This is not ideal, in particular because many producers will actually produce valid IRIs (hopefully!), but consumers will still need to check them every time.

With the proposed design:

  • lenient producers must pay the cost of checking their data before (Iri::new)
  • conservative producers can still ship whatever they have without any additional cost (Iri::new_unchecked)
  • lenient consumers can accept whatever they get without checking them, confident that it satisifies RFC3987
  • conservative consumers must pay the cost of checking their additional constraints

As you can see, the sweet spot is for implementations following Postel's law: conservative producers and lenient consumers. The burden of additional checks is taken only by the implementations who depart from Postel's law.

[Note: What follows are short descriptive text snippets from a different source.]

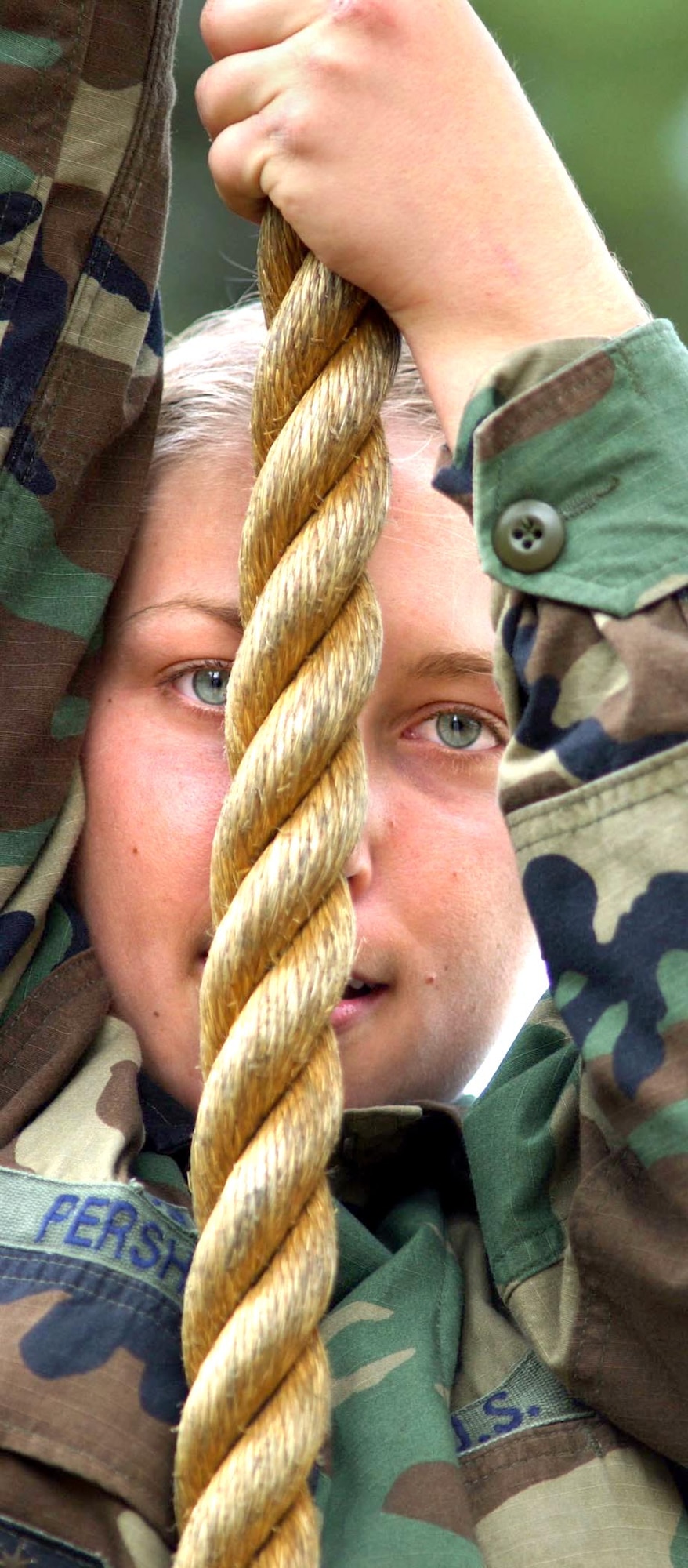 U.S. AIR FORCE ACADEMY, Colo. -- Basic Cadet Beth Pershing pulls herself up the rope on the confidence course in Jacks Valley. (U.S. Air Force photo by Charley Starr) 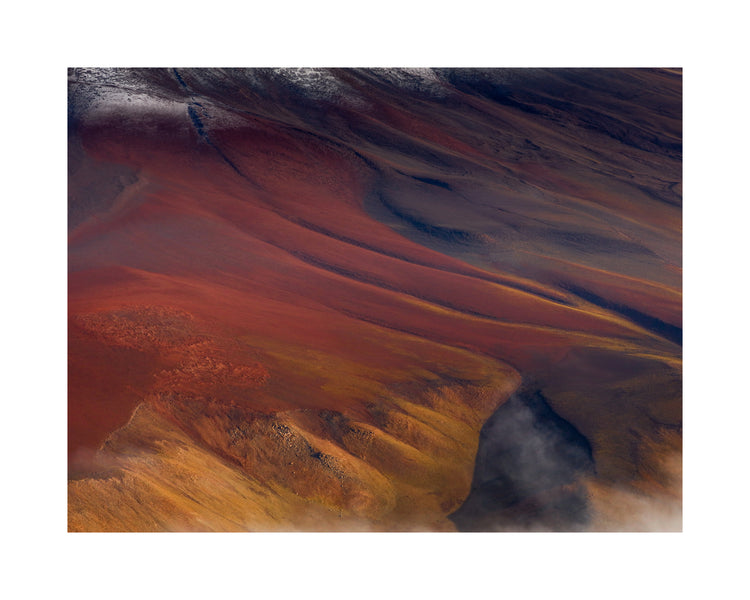 Mountain scenery full of minerals looking like a crater on mars.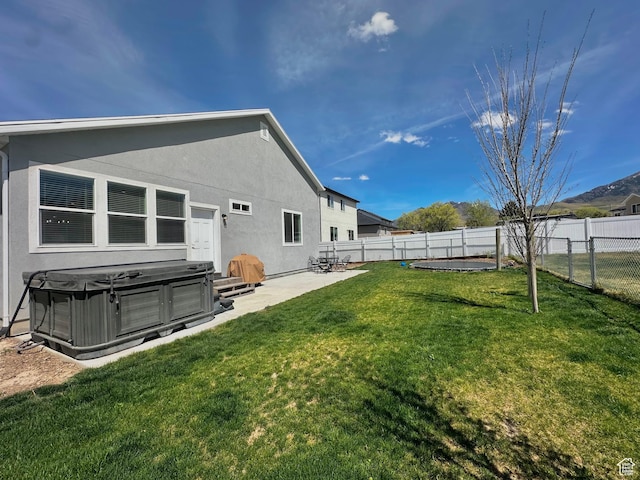 671 W 660 S, Tooele, UT 84074 - back of property featuring a fenced backyard, stucco siding, a hot tub, a patio, and a lawn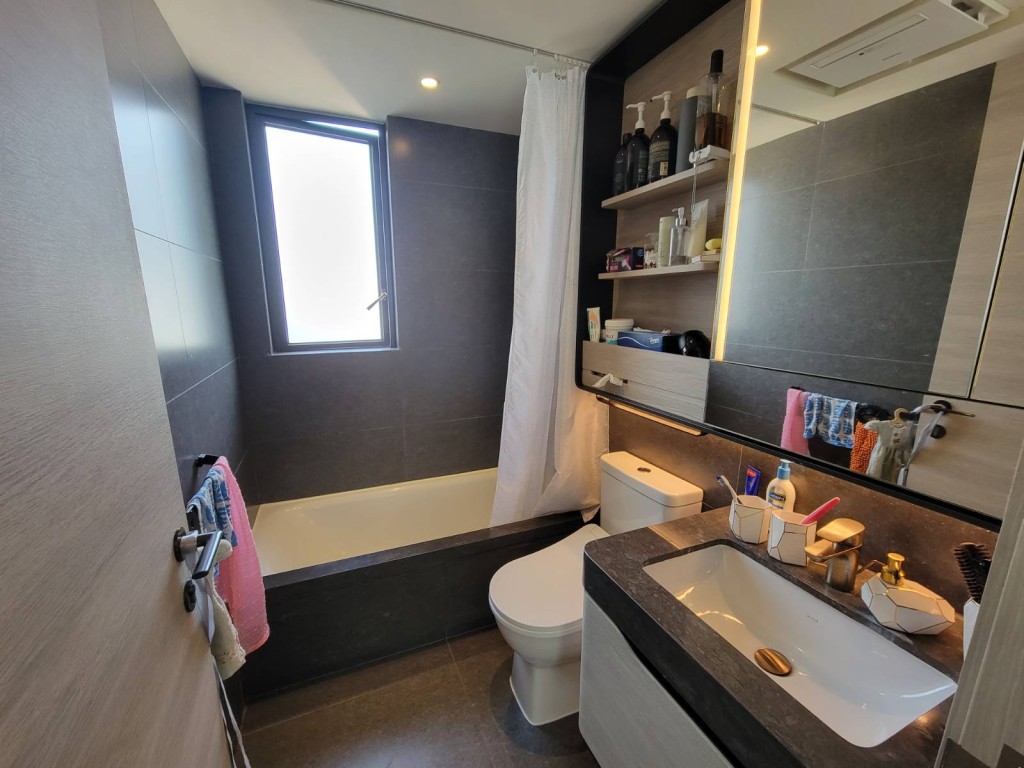 浴室以灰色为主调，配备大镜柜，并有小窗户。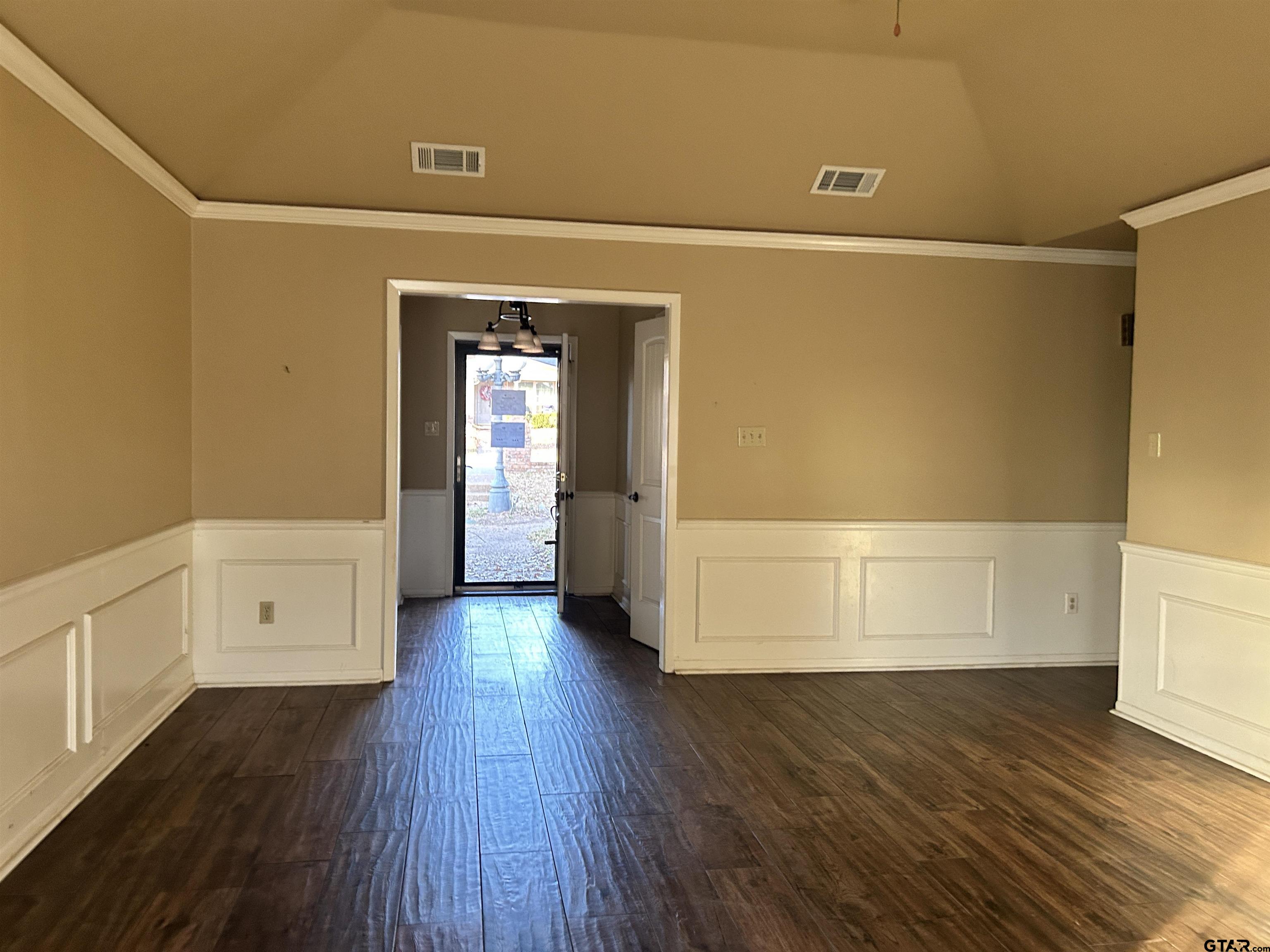 809 David Drive Tyler, TX 75703 - Photo 2 of 18 a view of an empty room with wooden floor and a window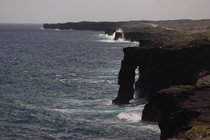 Hlei sea arch and a raging coast in Volcanos National Park 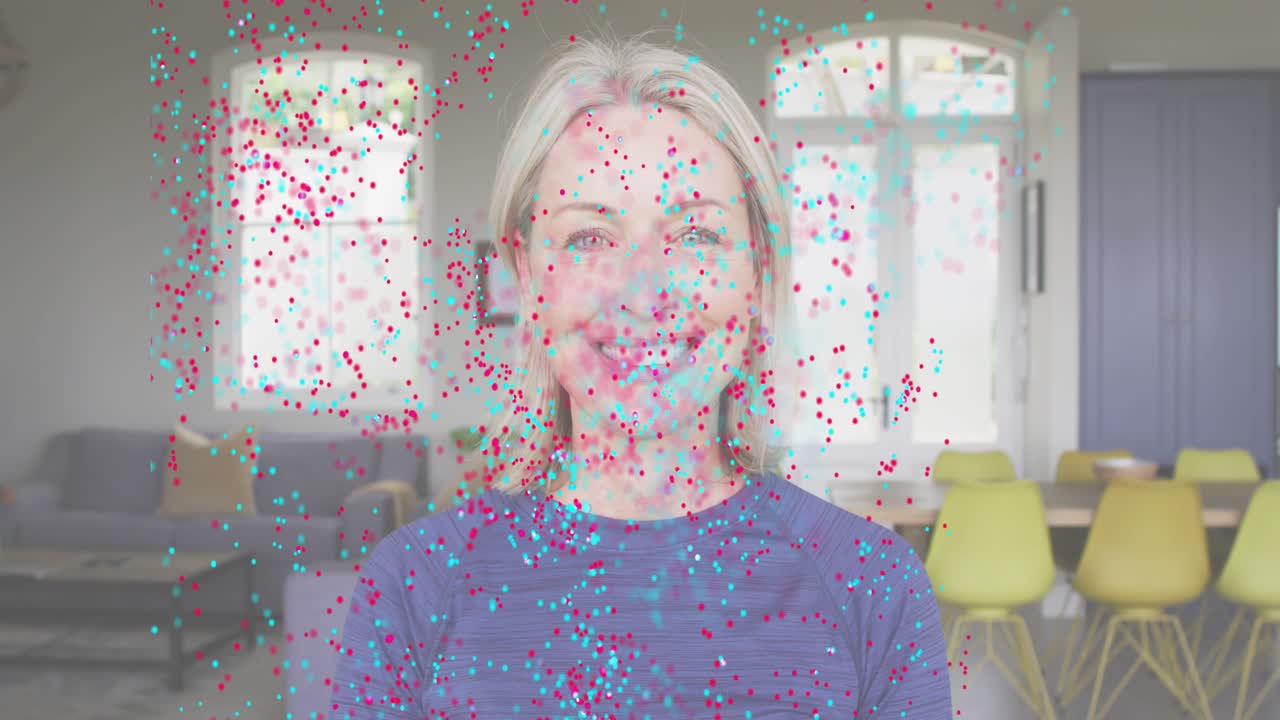 Mature woman sparking pink cyan shapes turning into red teal particles revealing smile in design ad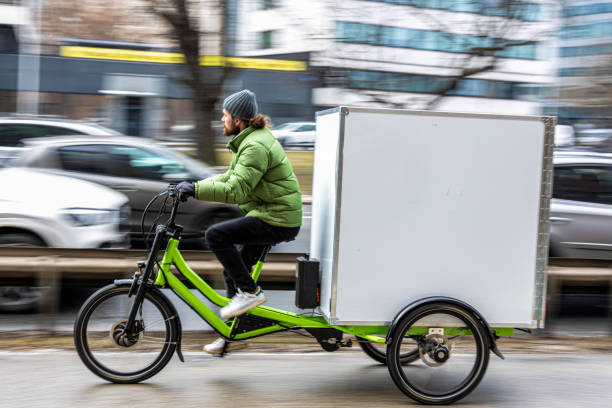 Bicycle courier delivering parcels in the city on a cargo bike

For this to work, we need to ensure that the guarantees provided by R2C2 correspond to the MUSTs in the spec, nothing more, nothing less. That's why, for example, blank node labels are not constrained (while several implementations, including mine, constrain them to be valid SPARQL bnode labels).

@pchampin
Copy link
Collaborator Author

I just had a long discussion about this with @labra and an idea came up to hide all validation code behind a feature gate:

  • without the feature, the wrapper types provided by the API would only have a new_unchecked method; the crate would therefore remain very lean, but the responsibility of producing valid data would be entirely left to the user
  • with the feature, the wrapper types would also provide a new method that would perform some validation.

In my story above, strict producer would probably use the crate without the feature (they only need the new_unchecked method), while lenient producers will enable it in order to use the new method.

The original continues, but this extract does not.